:: WORK INSTRUCTION ::
Strip out the pictures and output each remaining line of the data word for word.

:: DATASET EXCERPTS ::

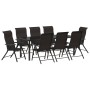 Conjunto de Comedor de Jardín de 9 Piezas Café Negro Polirratán | Foro24.es | Tu tienda online para hogar, jardín y más Foro24.es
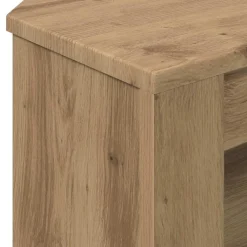 vidaXL Muebles Tv-MuebledeTVdeesquina Roble artesanal 102 x 40,5 x 45 cm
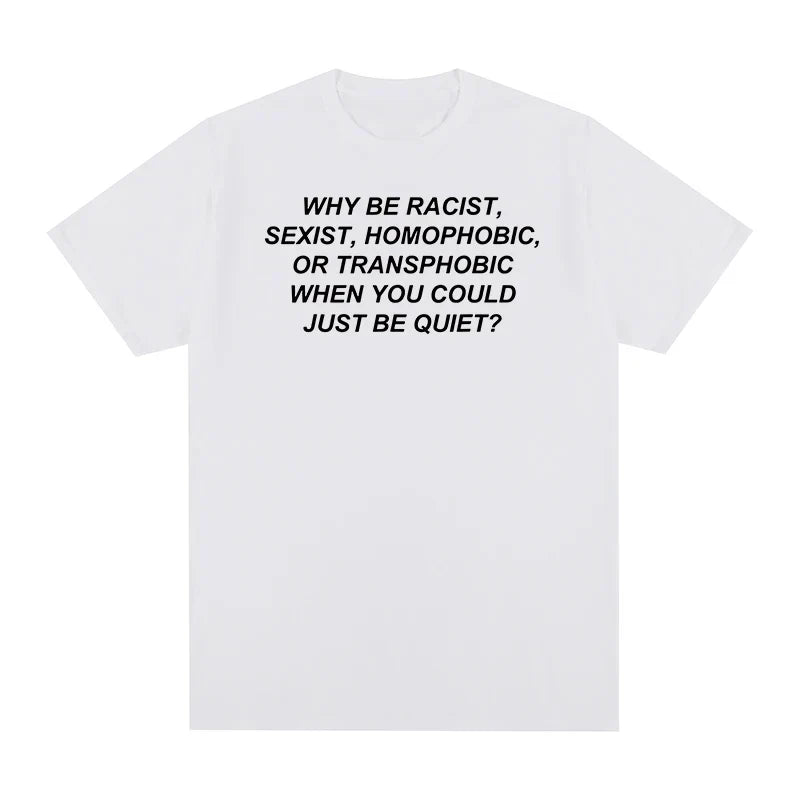 White cotton frank rapper hip t shirt with black text on chest blond cotton men tee tshirt womens tops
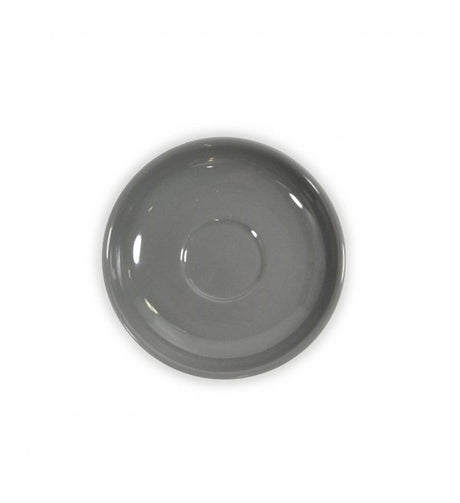 Saucer To Suit BW5000 - 110mm, Silver Ice from Brew. made out of Stoneware and sold in boxes of 6. Hospitality quality at wholesale price with The Flying Fork! 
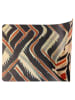Villa d´Este 6-delige set: placemats "Malindi" zwart/rood - (L)45 x (B)30 cm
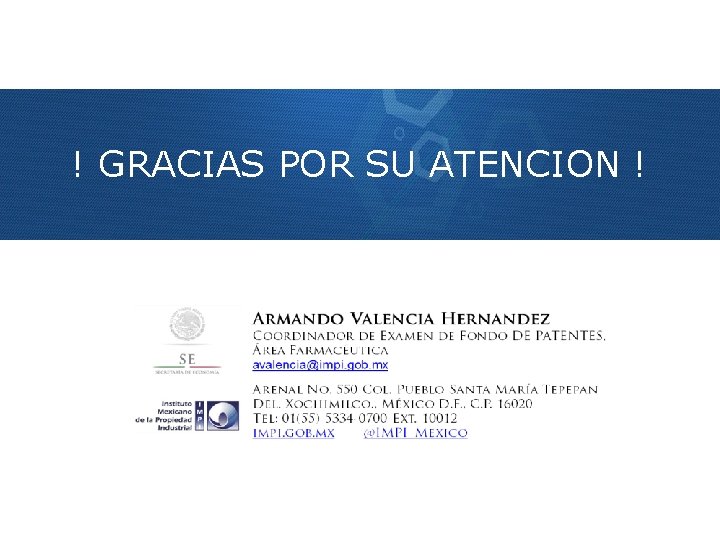 ! GRACIAS POR SU ATENCION ! 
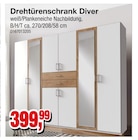 Aktuelles Drehtürenschrank Diver Angebot bei Die Möbelfundgrube in Mainz ab 399,99 €
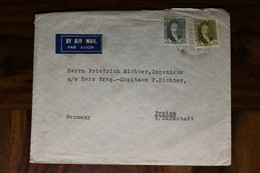 Delcampe - 1933 Iraq Air Mail Cover Allemagne Irak Bagdad Mit Luftpost Par Avion Flugpost - Irak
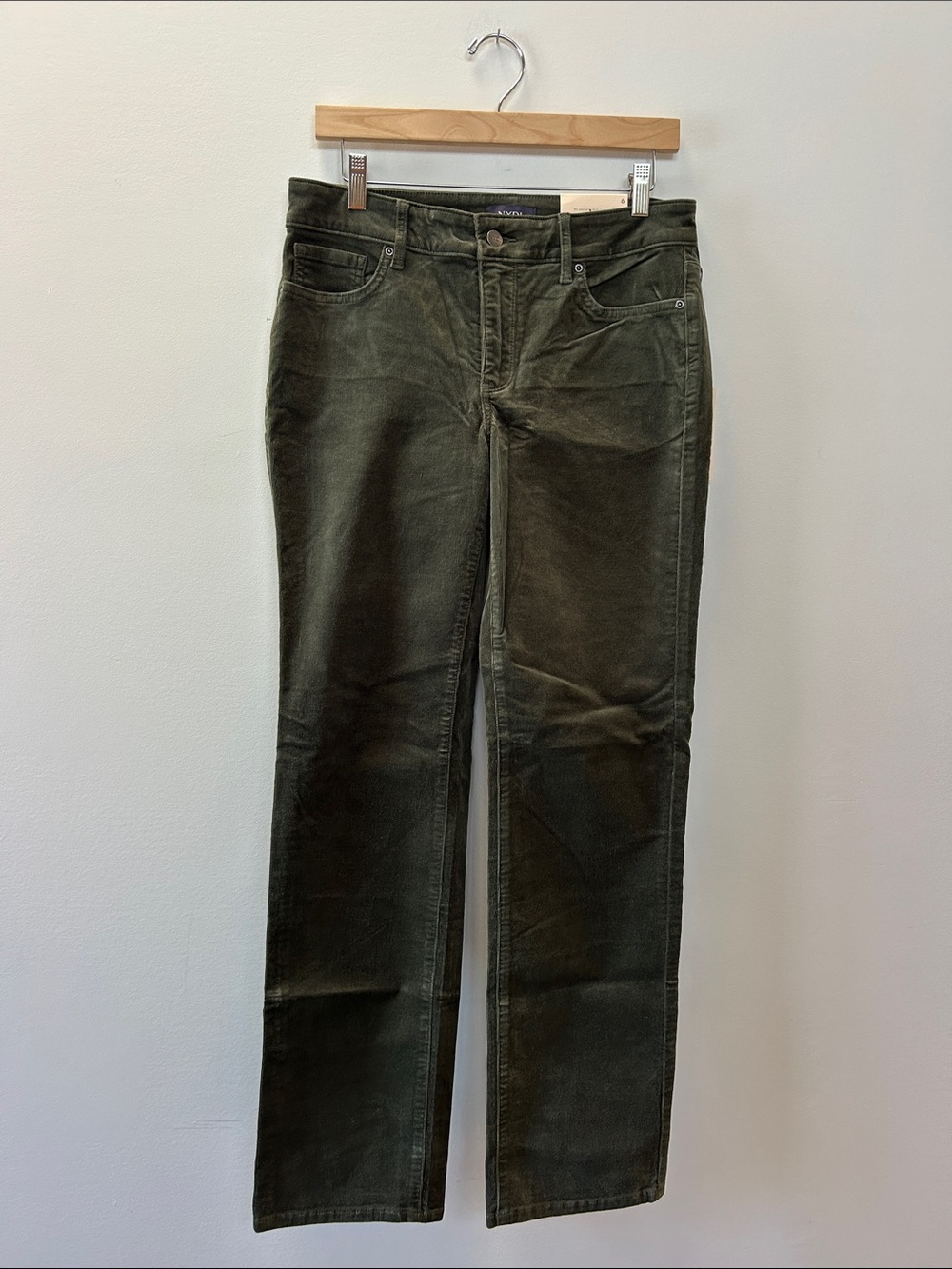 NYDJ Women's Straight-Leg Pants in Olive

:::

:: ANSWER TO THE PROBLEM ::
 Conjunto de Comedor de Jardín de 9 Piezas Café Negro Polirratán | Foro24.es | Tu tienda online para hogar, jardín y más Foro24.es
 vidaXL Muebles Tv-MuebledeTVdeesquina Roble artesanal 102 x 40,5 x 45 cm
 White cotton frank rapper hip t shirt with black text on chest blond cotton men tee tshirt womens tops
 Saucer To Suit BW5000 - 110mm, Silver Ice from Brew. made out of Stoneware and sold in boxes of 6. Hospitality quality at wholesale price with The Flying Fork! 
Villa d´Este 6-delige set: placemats "Malindi" zwart/rood - (L)45 x (B)30 cm
 ! GRACIAS POR SU ATENCION ! 
 Aktuelles Drehtürenschrank Diver Angebot bei Die Möbelfundgrube in Mainz ab 399,99 €
 Delcampe - 1933 Iraq Air Mail Cover Allemagne Irak Bagdad Mit Luftpost Par Avion Flugpost - Irak
 NYDJ Women's Straight-Leg Pants in Olive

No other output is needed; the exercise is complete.